FORT LEE, N.J. -- The two sushi chefs bent over the cutting board studiously slicing yellowfin tuna and wrapping seaweed around California rolls are hard at work -- far from the confines of an upscale Japanese restaurant -- behind the full-service seafood counter at the Food Emporium here.
Judging from the boisterous crowd gathered around the sushi counter and numerous excited exclamations of "Oh sushi, my favorite," overhead the day SN visited, the sushi section seemed to be off to a roaring start in this new Food Emporium location opened at the end of April.
"Since we opened, we have had a minimum of two full-time sushi chefs and we usually have four. The station accommodates three; we didn't think there would be a need for four," explained Thomas Fallacaro, Food Emporium's director of seafood sales and merchandising.
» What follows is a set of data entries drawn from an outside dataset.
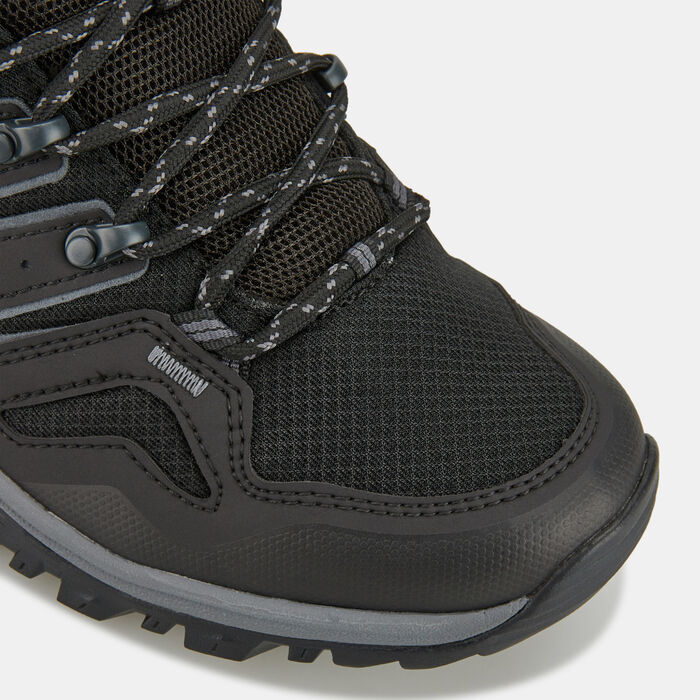 The North Face Men's Hedgehog Mid Futurelight Hiking Shoe Black image number 4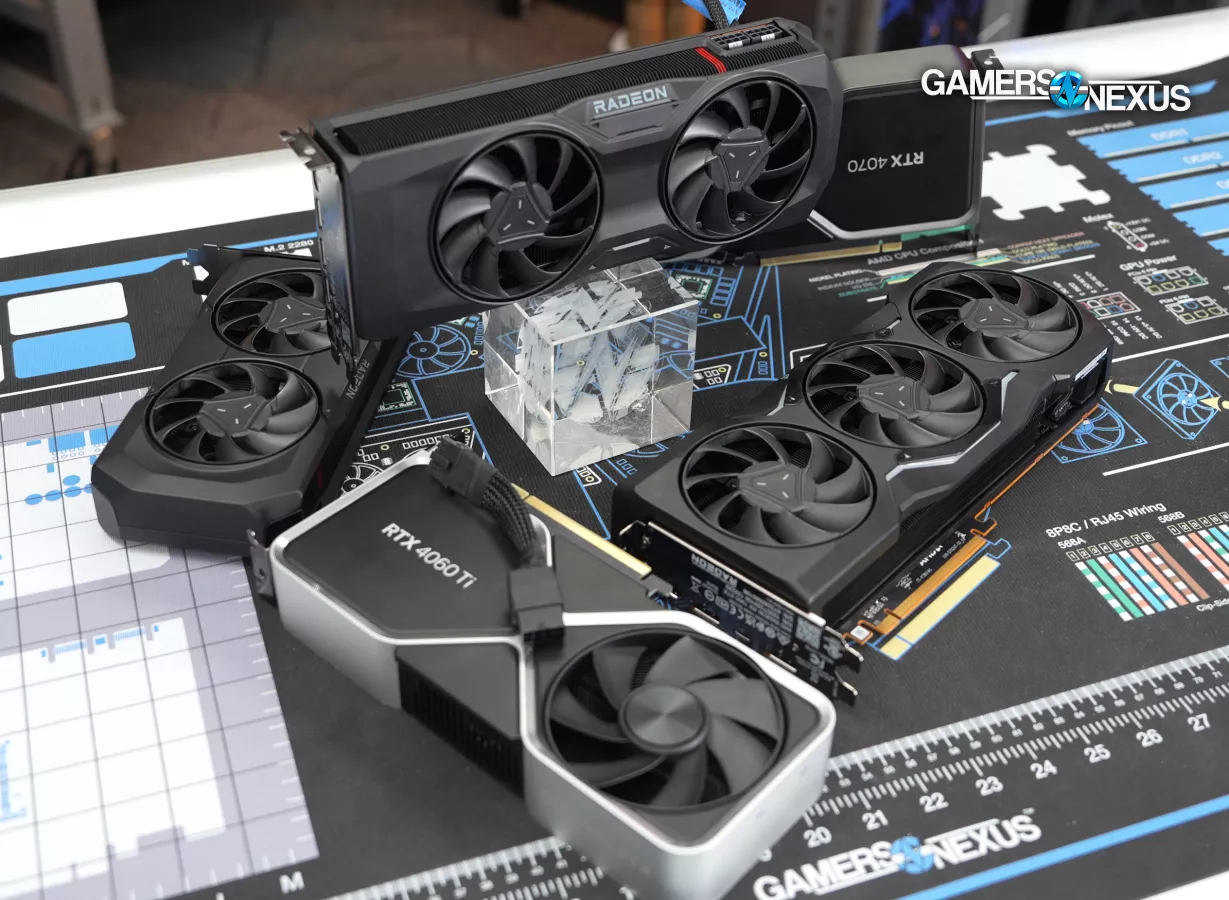 AMD Radeon RX 7800 XT GPU Review & Benchmarks vs. RX 6800 XT, RTX 4070, &  More 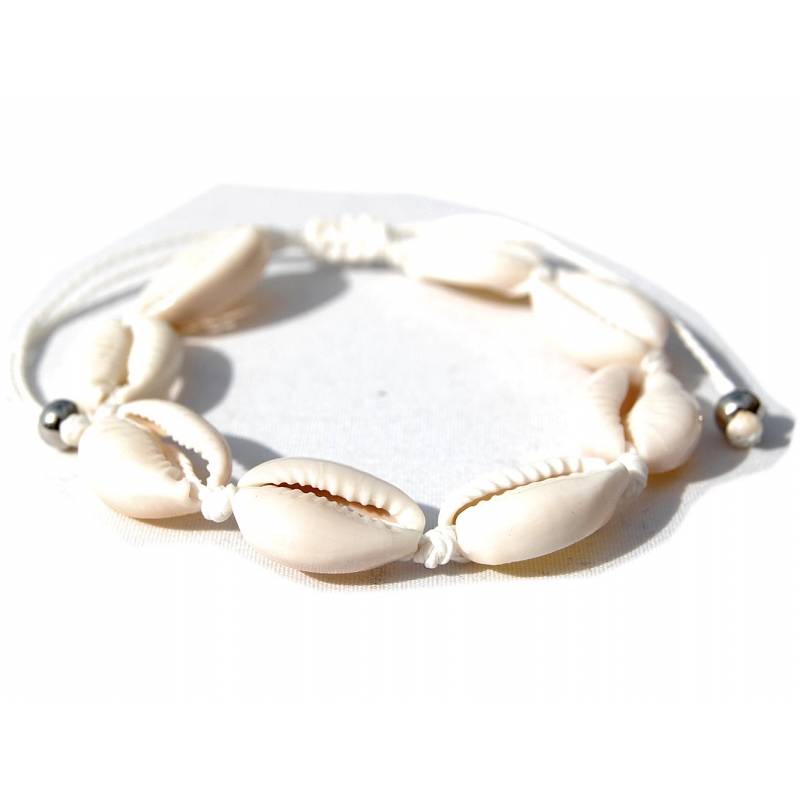 Seestern Sportswear SEESTERN Kauri Muschel Armband / Armbänder Surfer Shell Bracelet /2002 Exklusive Angebote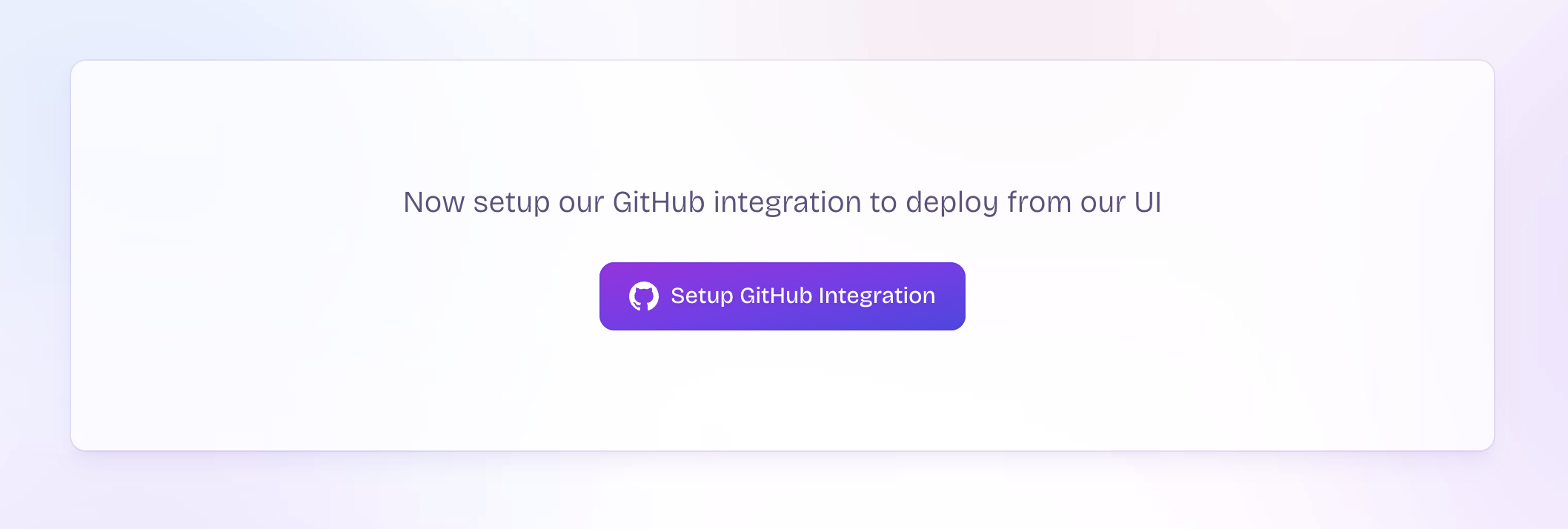 Authorize GitHub access to Fly.io Authorize GitHub access to Fly.io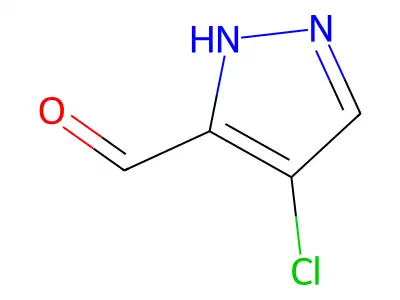 4-Chloro-3-formylpyrazole structure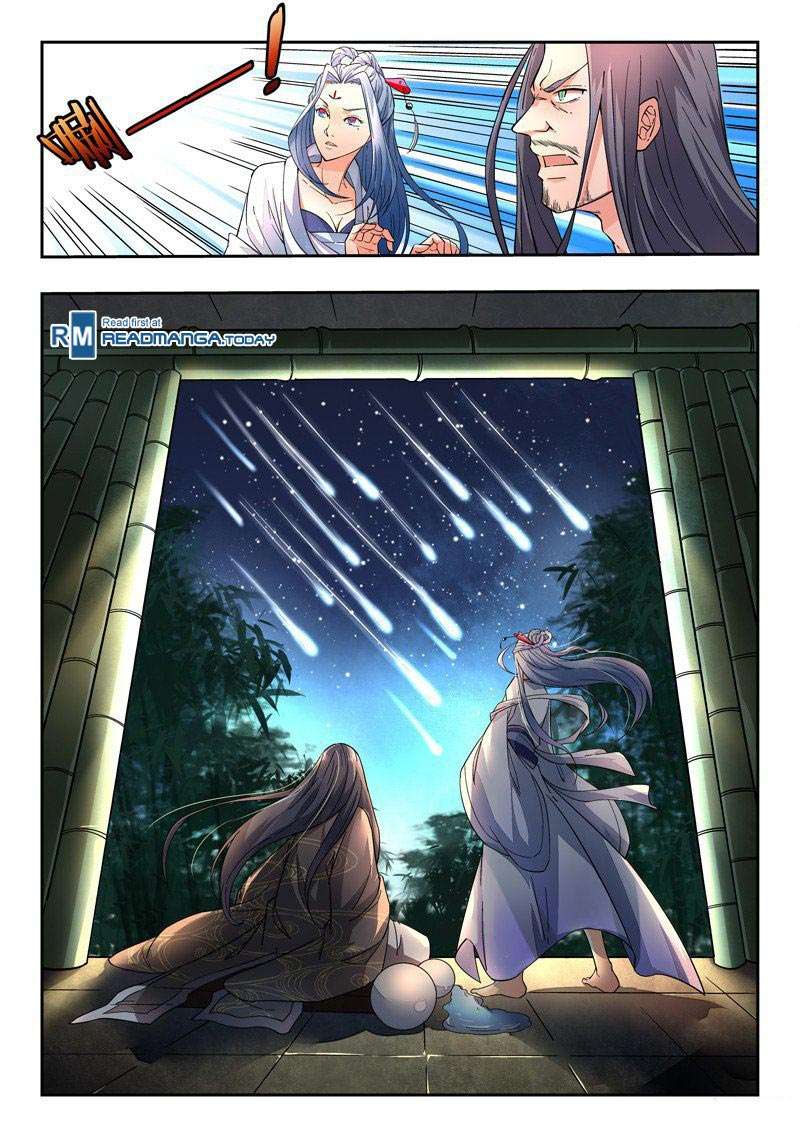 Spirit Blade Mountain chapter 1 halaman 8
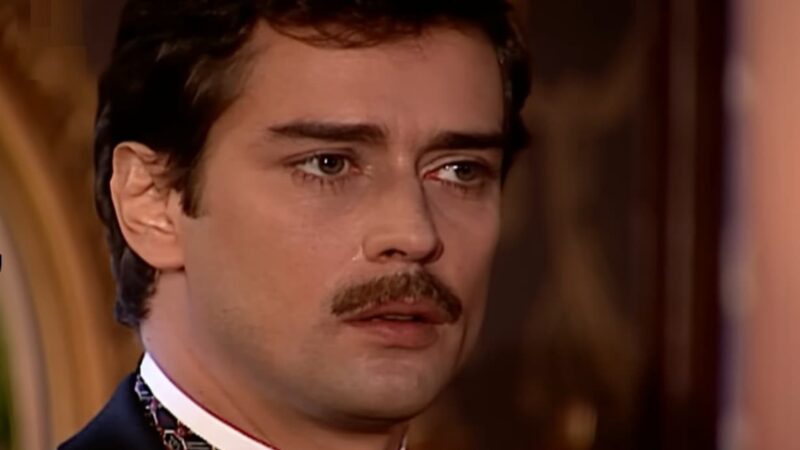 ‘Terra Nostra’: Marco Antônio chega à mansão para confrontar Gumercindo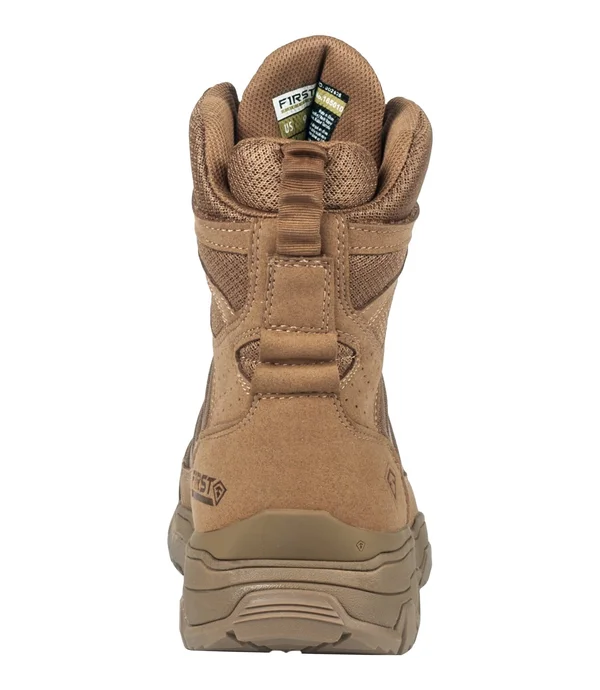 First Tactical 7x22 Operator Boots, Men's Black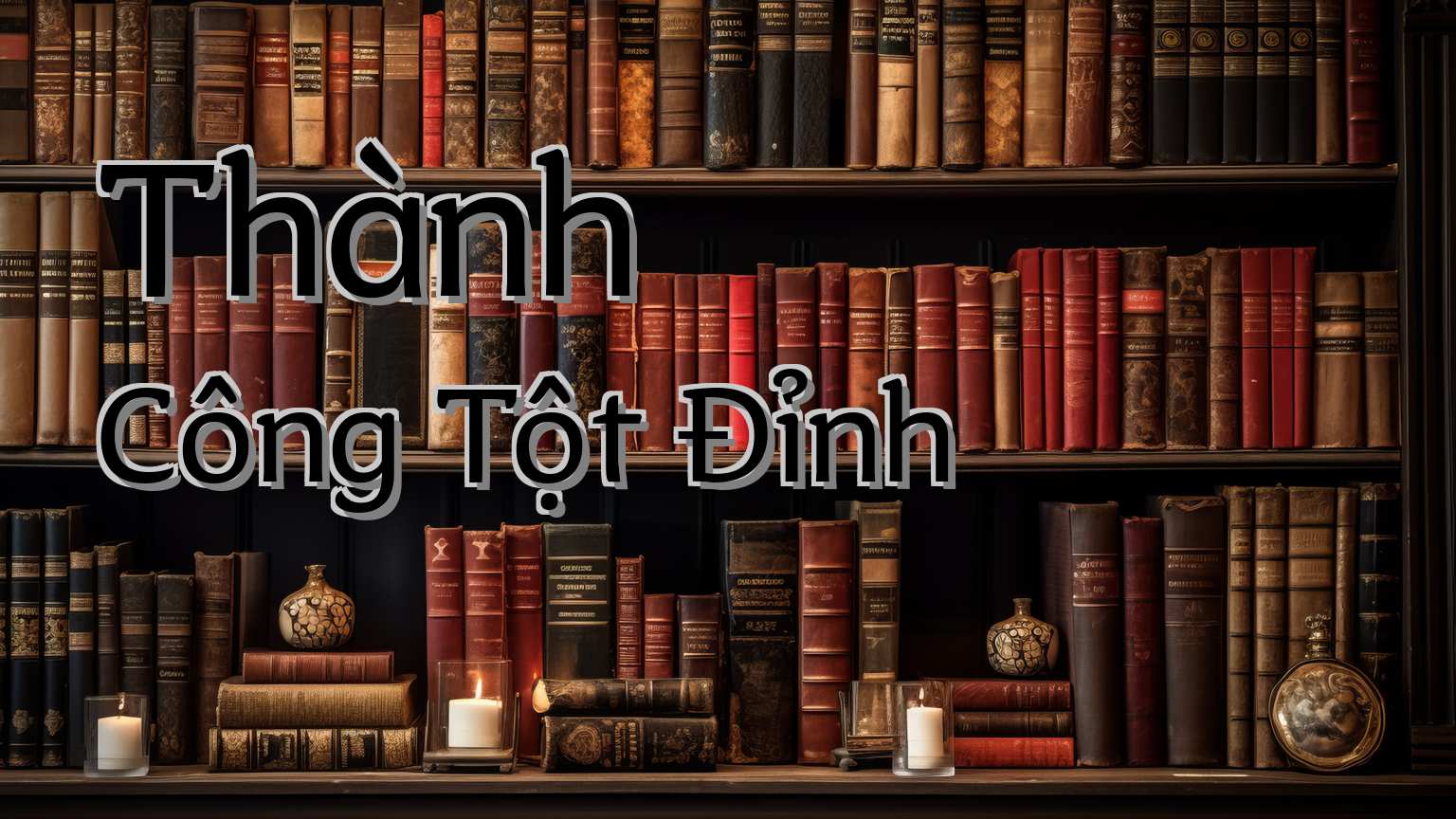 cover-Thành Công Tột Đỉnh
White trays of salmon, octopus, crab sticks and shrimp line the clear glass case of ingredients that separates the chefs from their clamoring customers. As eager hands depleted the supplies, the chefs steadily filled the refrigerated case in front of them with sleek black boxes of assorted rolls and elaborate mixed platters.
The overflow from the full-service case goes into a 4-foot section of the 24-foot self-service case in the center of the seafood department. Next to the boxes of sushi are individually wrapped packages of tuna, fluke and other sushi fixings available for adventurous chefs who want to make their own at home.
Pale blue sheets, displayed in front of the sushi case, list the menu offerings. And for customers who are not satisfied with what they see or want to try something new, the chefs fill orders on request for old favorites or new creations, according to Fallacaro.
Prices start at $1 a roll and climb to around $13.95 for multiroll assortments.
The sushi program is not yet in Food Emporium's 35 other locations, according to Fallacaro, but its success here could lead to the opening of sushi bars in other stores in the near future.
"It's trendy, it's upscale and it's tasty," noted Fallacaro of sushi's selling points. "And there's obviously a demand for it."
The seafood department's Japanese offerings even extend beyond sushi into imported frozen products, like seafood dumplings, squid cakes, fish balls, codfish roe and imported shrimp and crab displayed in their own 6-foot Japanese seafood section of the frozen self-service case.
More Japanese flavors, in the form of entrees like salmon teriyaki, spill over into prepackaged entrees in the self-service case and are also part of Food Emporium's new Outgoing Chef HMR program.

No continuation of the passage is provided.